:: Dataset content ::
*** Block opens ***

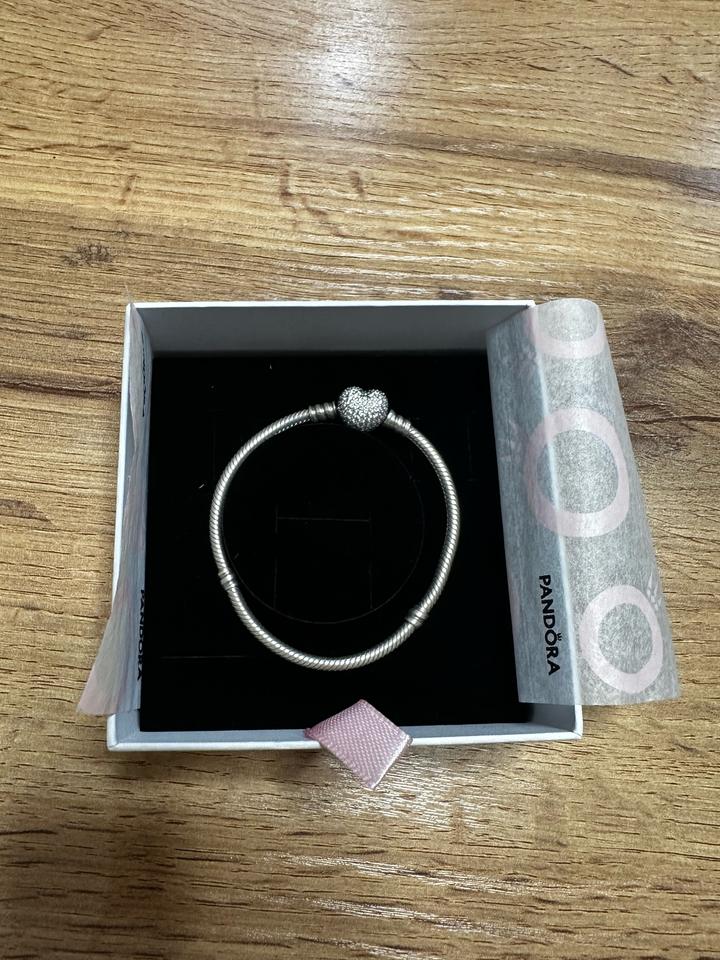 Pandora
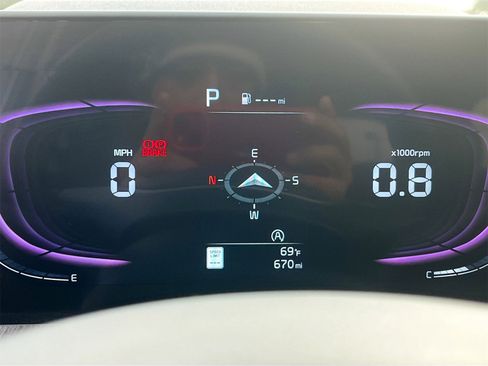 Used 2025 Kia Telluride EX w/ EX Captain's Chair Package image 12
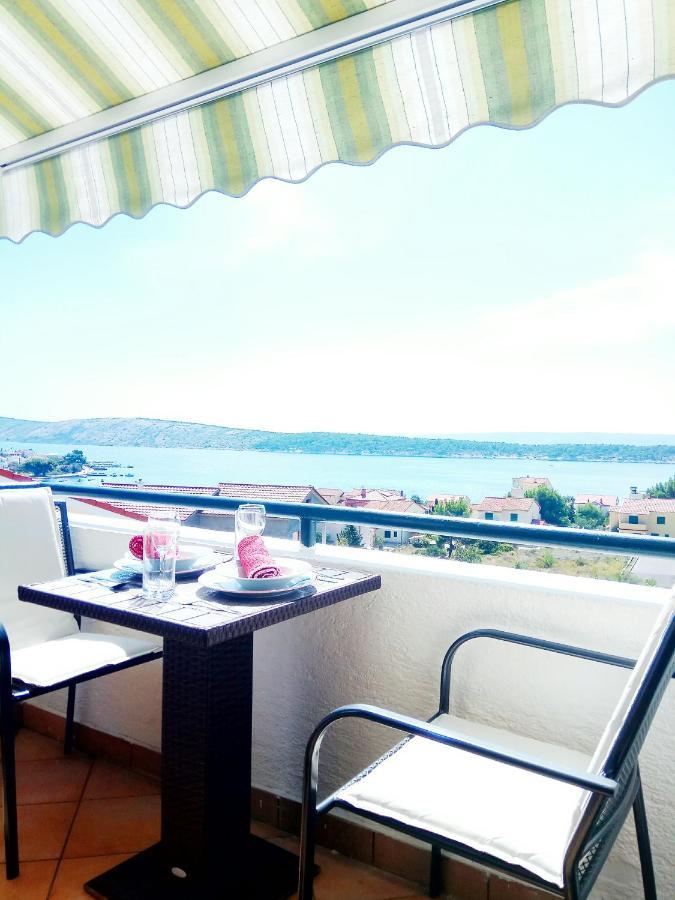 Apartment Apoksiomen Barbat na Rabu Экстерьер фото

*** Block closes ***

:: About this exercise ::
Where a picture appears, skip it and copy the rest of the data word for word.

:: Solved exercise ::
 Pandora
 Used 2025 Kia Telluride EX w/ EX Captain's Chair Package image 12
 Apartment Apoksiomen Barbat na Rabu Экстерьер фото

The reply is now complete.